ABSTRACT

The chapter takes as its starting point the often-articulated expectation that ‘crises’ do have some learning effects so that one can hope with some justification that, for example, the rather successful fight against the Covid-19 pandemic demonstrates the potential capacity of states to come to terms with other crises as well, i.e. the crisis of climate change or the political and military crisis in Western and Central Europe that started with the Russian attack on Ukraine. The chapter raises some doubts as to whether solutions to one ‘emergency’ or crisis also foreshadow or anticipate solutions to other ones. Before discussing the cases just mentioned it is necessary, however, to reflect on the term ‘crisis’ which is too often used rather carelessly not only within a wider public but also within the social sciences.

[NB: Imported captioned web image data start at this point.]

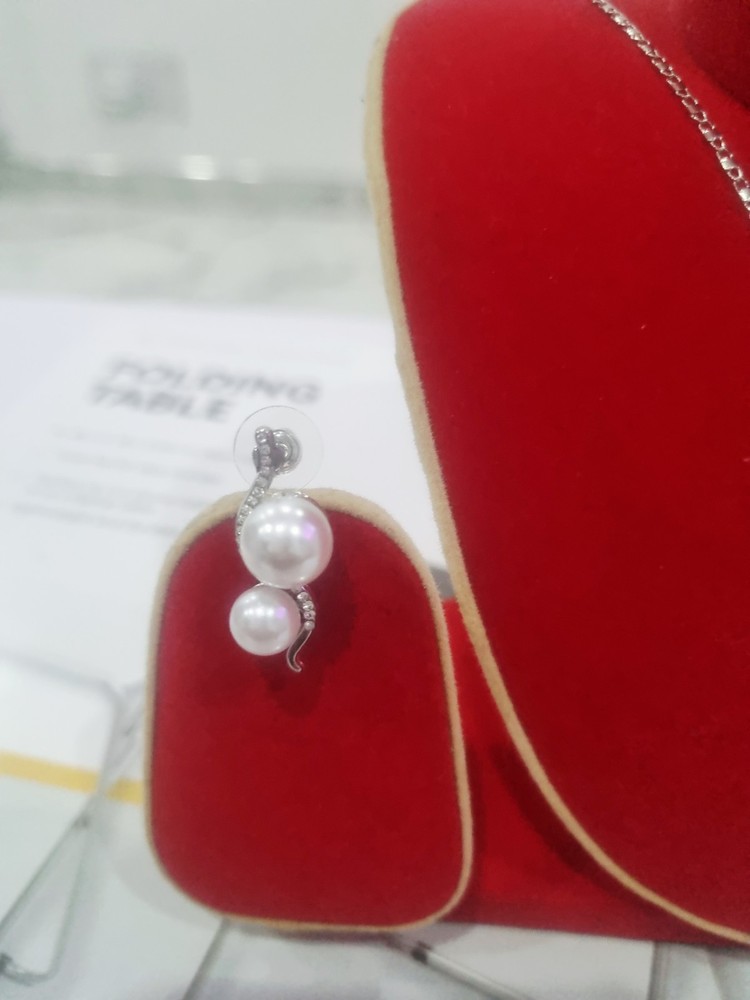 Necklace and Earrings Set.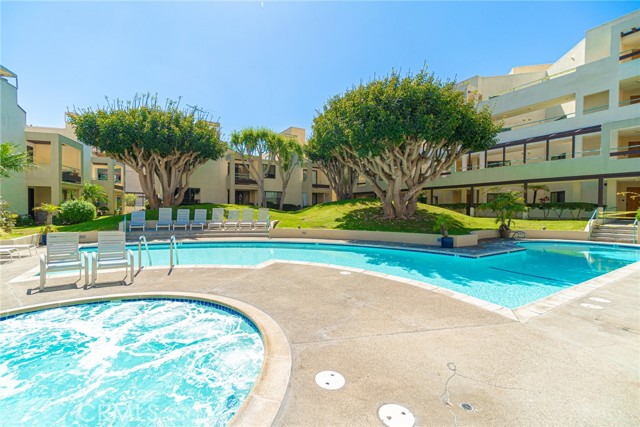 520 The Village, Redondo Beach, California 90277, 2 Bedrooms Bedrooms, ,2 BathroomsBathrooms,Residential,Sold,The Village,PW22208264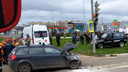 За Волгой в Ярославле во время ДТП загорелась машина: двоих увезли в больницу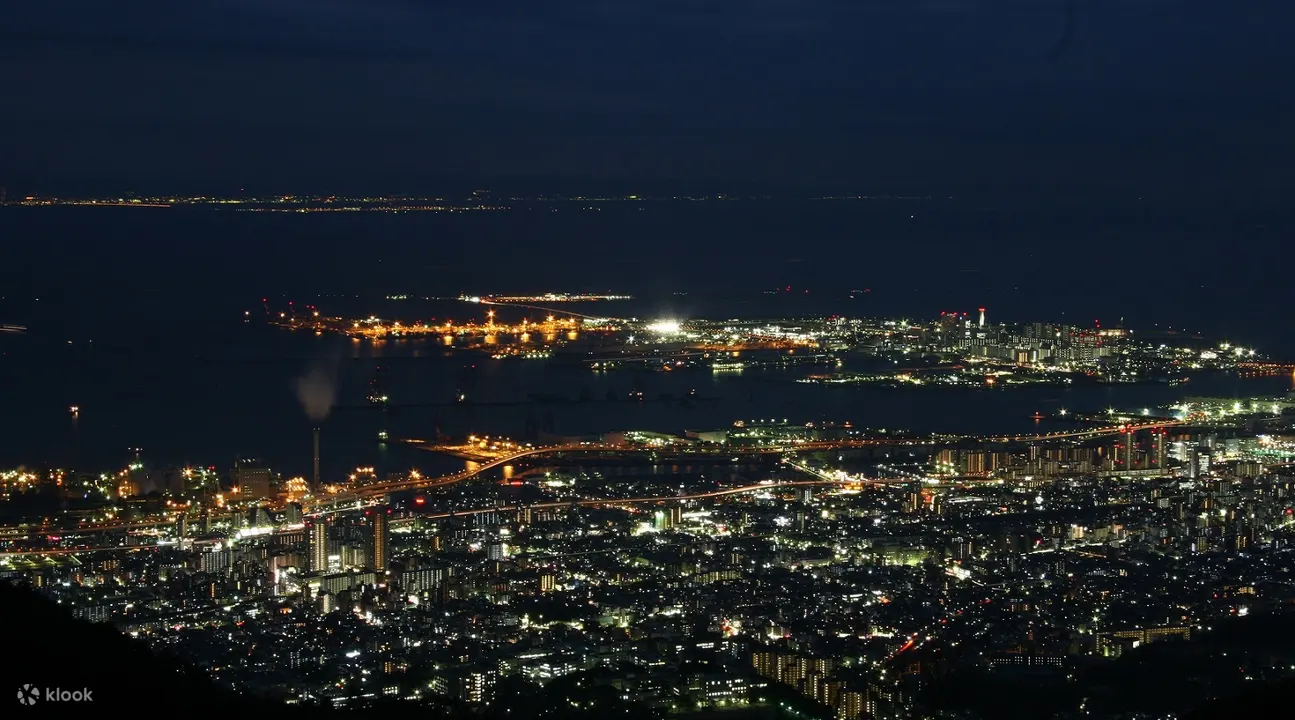 從六甲山俯瞰的極高視角全景、千萬美金夜景、閃爍的城市燈火、神戶港與大阪灣、電影感光影、暮色深藍紫、超高畫質。
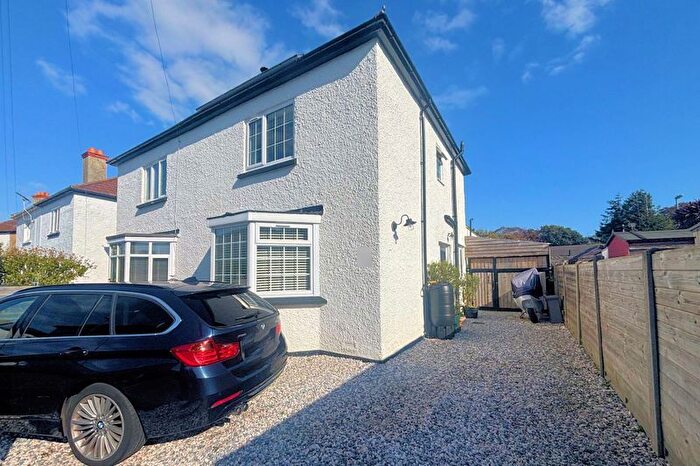 2 Bedroom Semi-detached House For Sale In The Haven, Alverstoke, PO12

As will be shown by referring to arguments which have mostly been developed within the discipline of history, ‘crisis talk’ is a rather difficult matter since it is almost never possible to state by objective measures whether there is a crisis or not. That means, of course, that using the word ‘crisis’ is most of the time not much more that a rhetorical device to point to the complexities of a problem. Taking this into account, it becomes clear that it is the specific perception of a problem, i.e. a subjective factor, that triggers the crisis rhetoric or makes it acceptable and thus often leads to very different responses by state actors toward such a ‘crisis’.